Sa quête d’une inatteignable vérité le mène encore plus loin dans une interprétation du Requiem que d’aucuns espéraient dantesque. Par la mise à nu du texte, le chef grec l’éclaire de l’intérieur, dans une forme d’ascèse qui ouvre la voie à l’inouï. Depuis le murmure du Requiem initial jusqu’à celui du Libera me final, en passant par la mise en valeur de détails instrumentaux généralement noyés dans la masse, y compris le mois dernier à la Bastille sous la baguette tout en transparences de Philippe Jordan.

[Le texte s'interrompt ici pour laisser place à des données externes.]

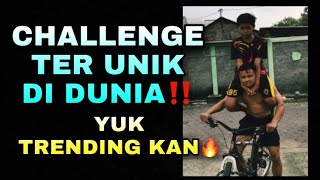Download lagu SHOULDER RIDE BICYCLE CHALLENGE🔥 Challenge Unik Pertamakali di Dunia‼️ mp3 Download lagu SHOULDER RIDE BICYCLE CHALLENGE🔥 Challenge Unik Pertamakali di Dunia‼️ mp3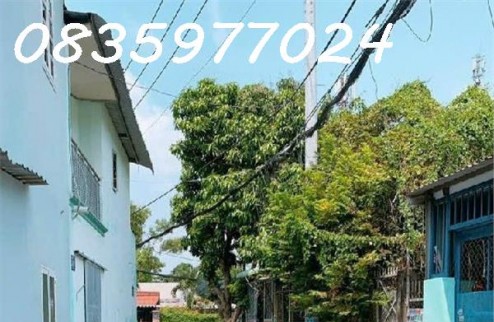Bán Nhà Nguyễn Văn Quá Hẻm Xe Hơi gần Trường Chinh 52M2 Hơn 3Tỷ6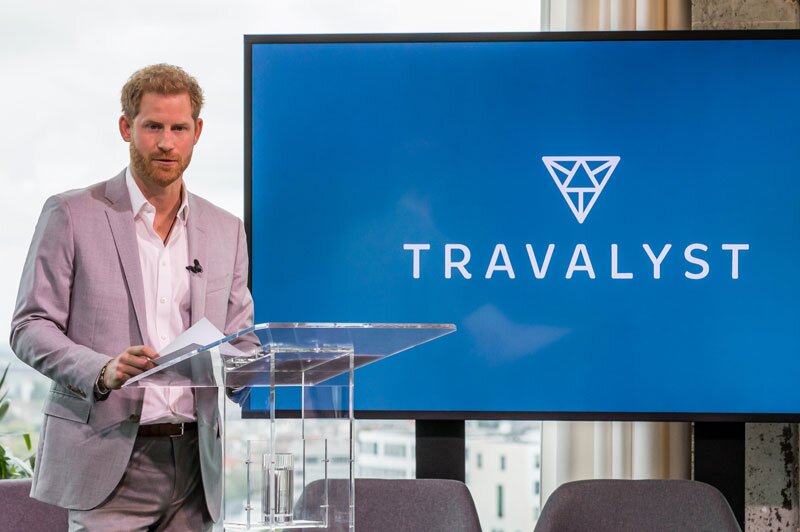 Amadeus joins Prince Harry founded sustainable travel foundation Travalyst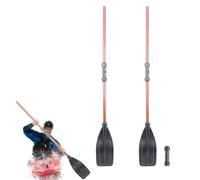 Detachable Kayak Paddles | Aluminum Shaft with PP Blades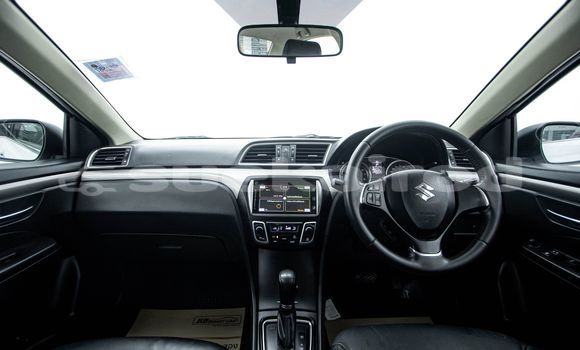 Buy Used Suzuki Ciaz White Car in Bangkok in Bangkok Buy Used Suzuki Ciaz White Car in Bangkok in Bangkok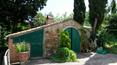 Toscana Immobiliare - annex of the villa for sale in cortona with view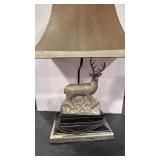 WOODLAND THEME ACCENT LAMP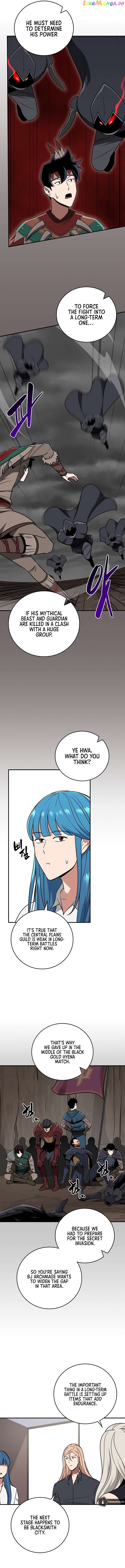 Archmage Streamer Chapter 92 - page 7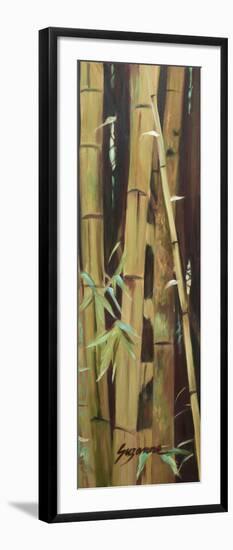 Bamboo Finale II-Suzanne Wilkins-Framed Art Print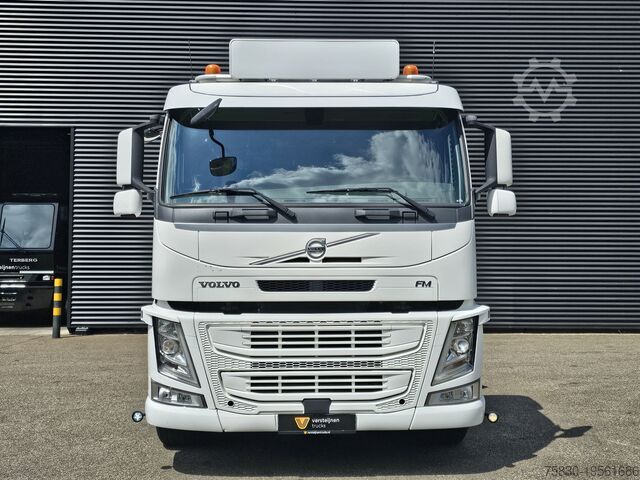 شاحنة رافعة Volvo FM 330 4x2 / EFFER 12.5 t/m CRANE / KRAN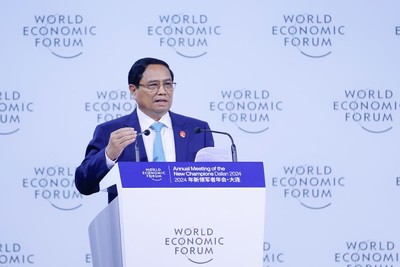 Toàn văn bài phát biểu của Thủ tướng Phạm Minh Chính tại WEF Đại Liên 2024
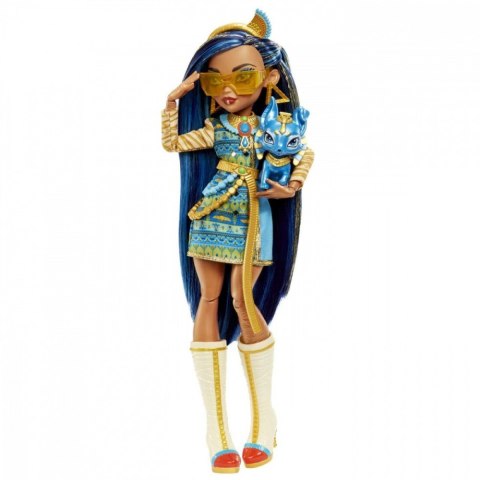 Lalka Monster High Cleo De Nile Mattel Lalka Monster High Cleo De Nile Mattel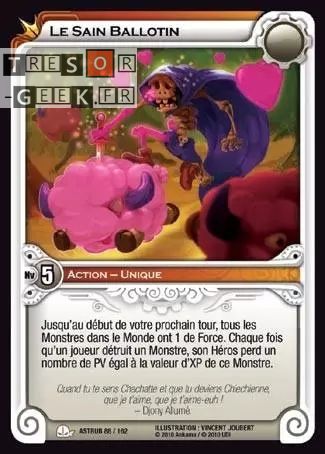 Le Saint Ballotin [Astrub 88/162 WAKFU]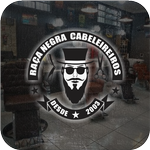 Raça Negra Cabeleireiros icon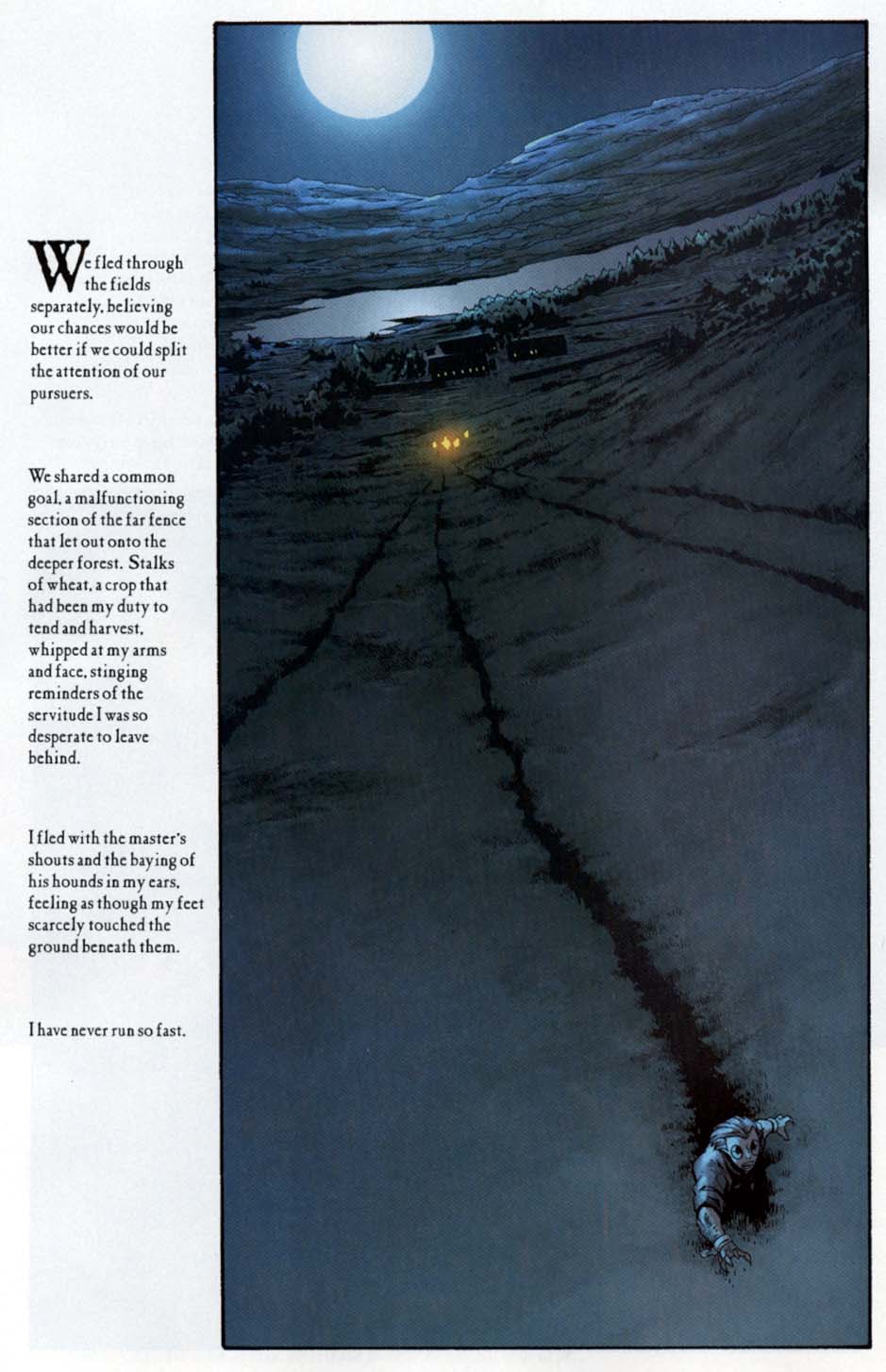 Read online Scion comic -  Issue #26 - 6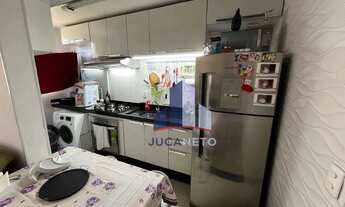 Imagem 2: Apartamento com 2 dormitórios para alugar, 48 m² por R$ 1.800,00/mês - Parque São Vicente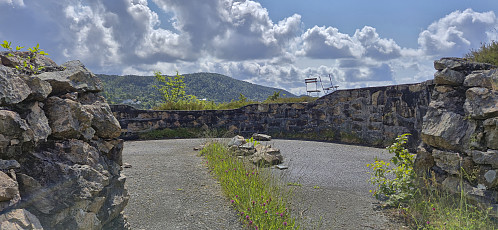 Lyskasterhaugen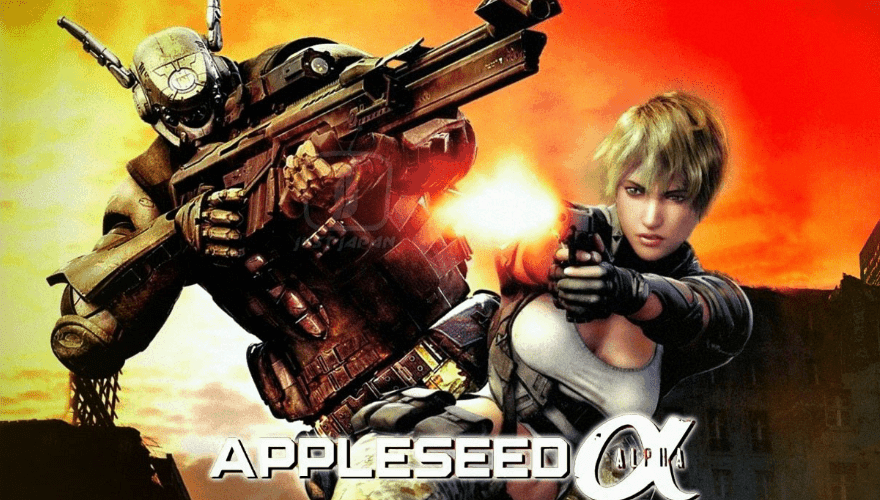 appleseed alpha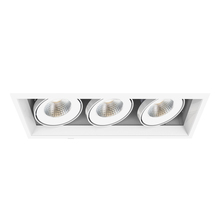 Eurofase Blue US TE133LED-40-2-02 - MULT,26W,TRM,3LT,40K,WHT/BLK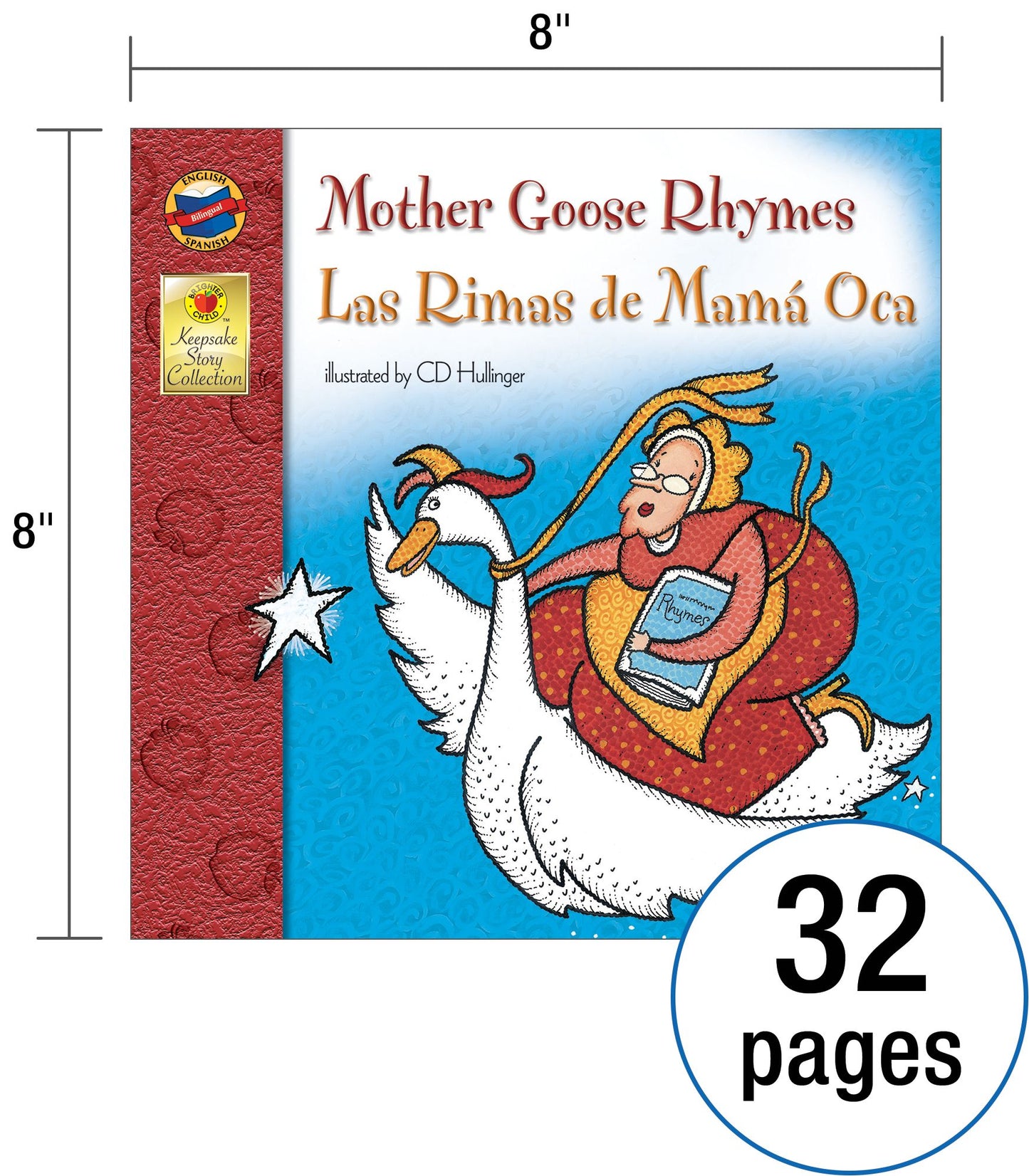 Las rimas de mama oca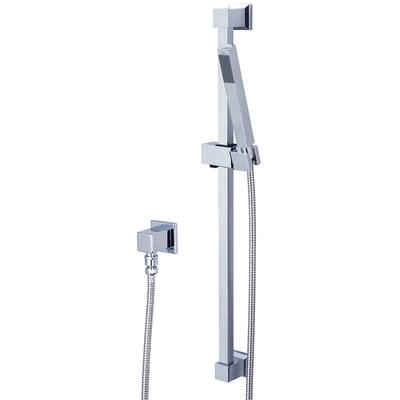 Pioneer Faucets Motegi 1.75 GPM Single Function Hand Shower Package -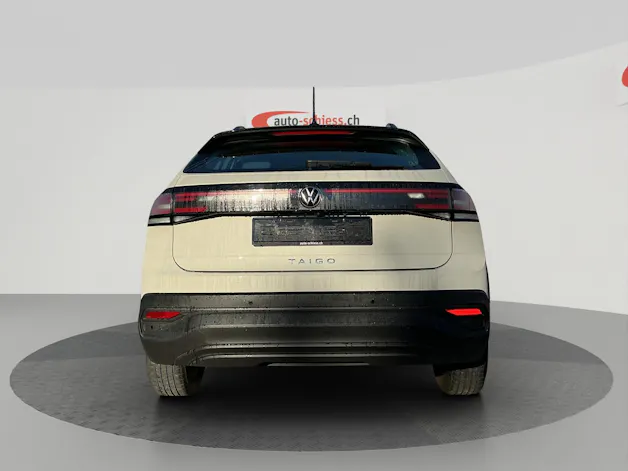 VW Taigo 1.0 TSI Life DSG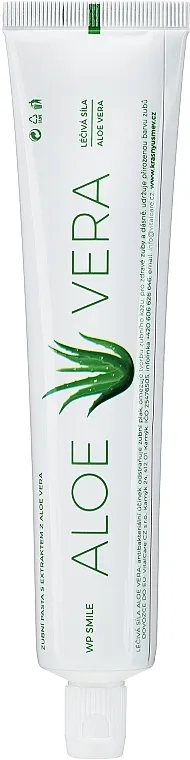 VitalCare White Pearl Aloe Vera Toothpaste Aloe vera pasta za zube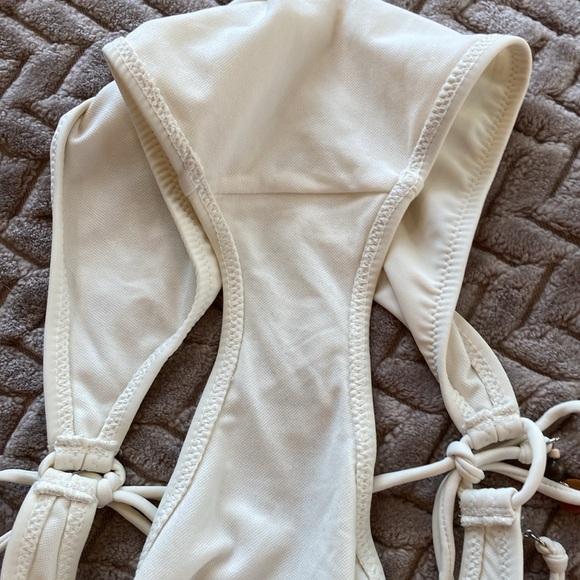 NWOT - American Eagle bikini bottoms. Size Medium. - Picture 7 of 9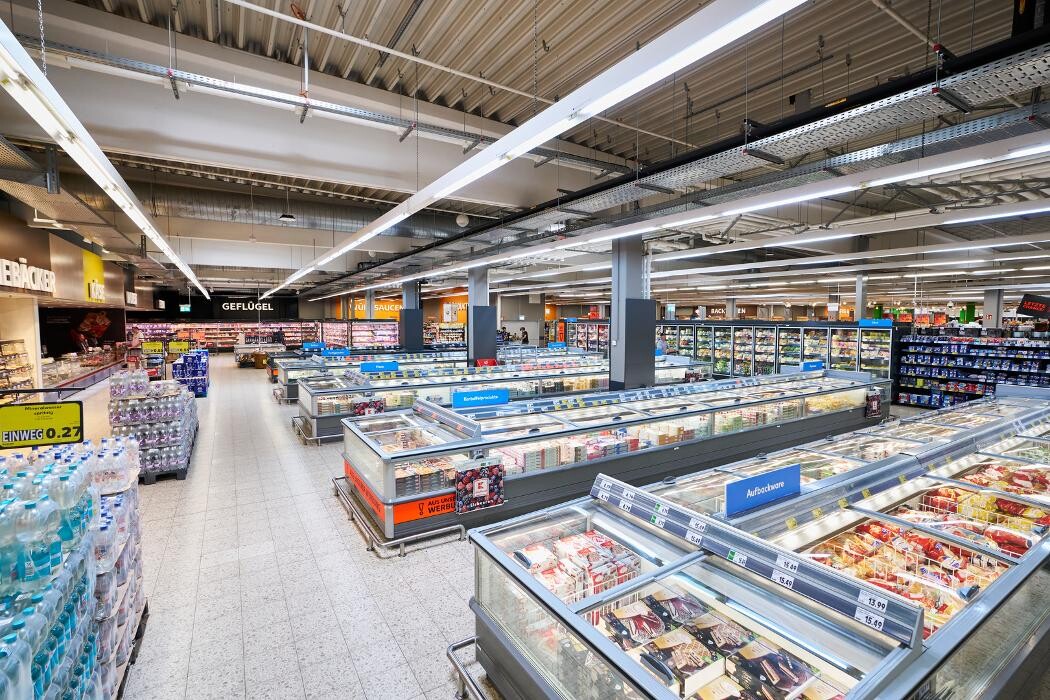 Bilder Kaufland Kolkwitz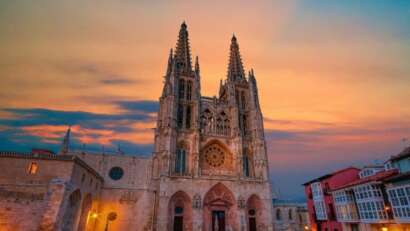 audioguía de Burgos con DareMapp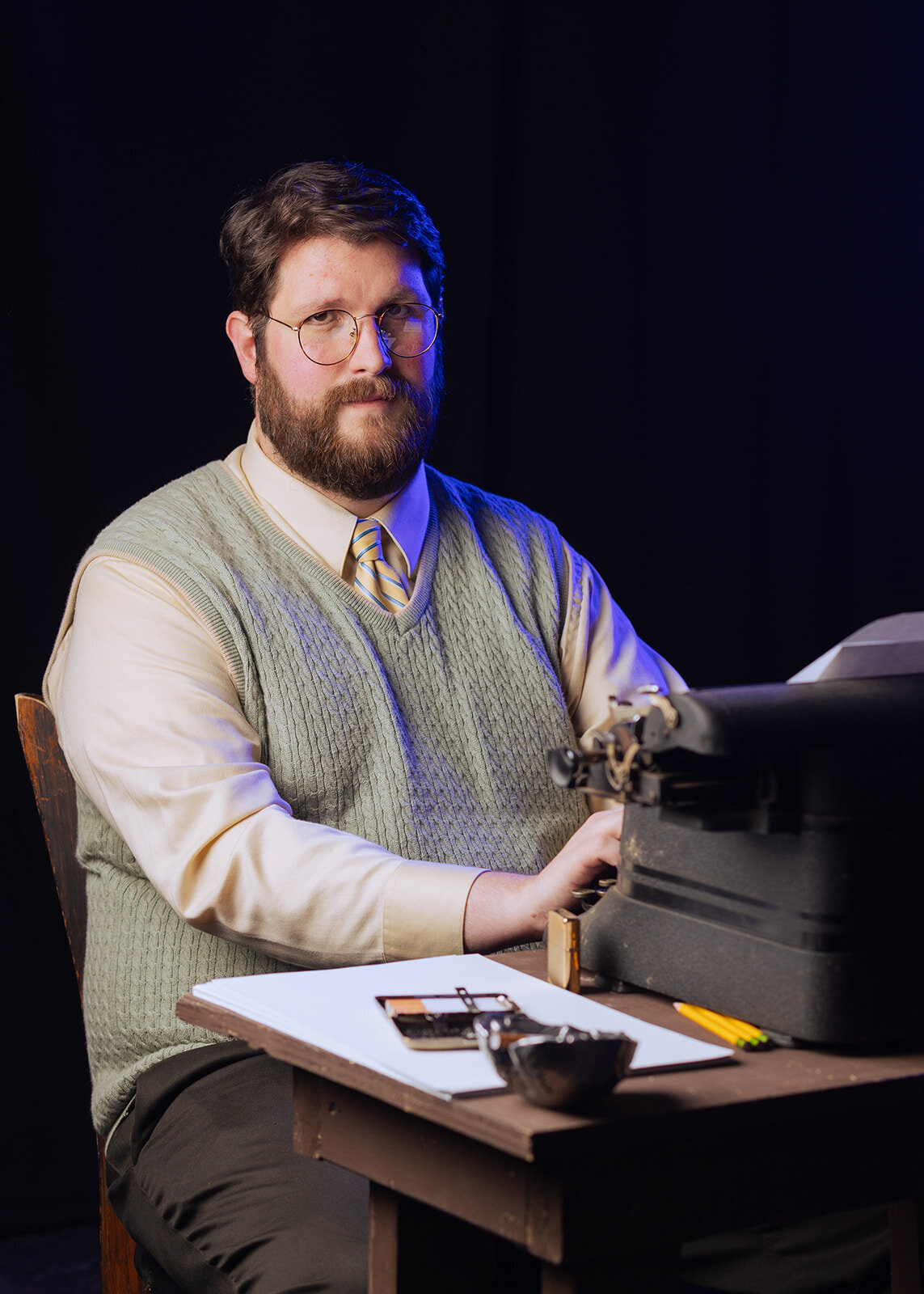 Into the Woods - Upright Theatre Company - Delaney Rain Photography-1767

Sans effet de manche ni fausse modestie – investi de l’inébranlable autorité de celui qui sait, Currentzis n’a nul besoin de démontrer –, la lecture pointilleuse des indications dynamiques et leur traduction dans les phrasés et l’articulation, entre âpreté et suspensions, transcendent l’Orchestre Titulaire du Teatro Real, et témoignent une nouvelle fois du niveau exceptionnel du Chœur dirigé par Andrés Maspero, renforcé par celui de la Communauté de Madrid avec une tenue admirable jusque dans les nuances les plus extrêmes.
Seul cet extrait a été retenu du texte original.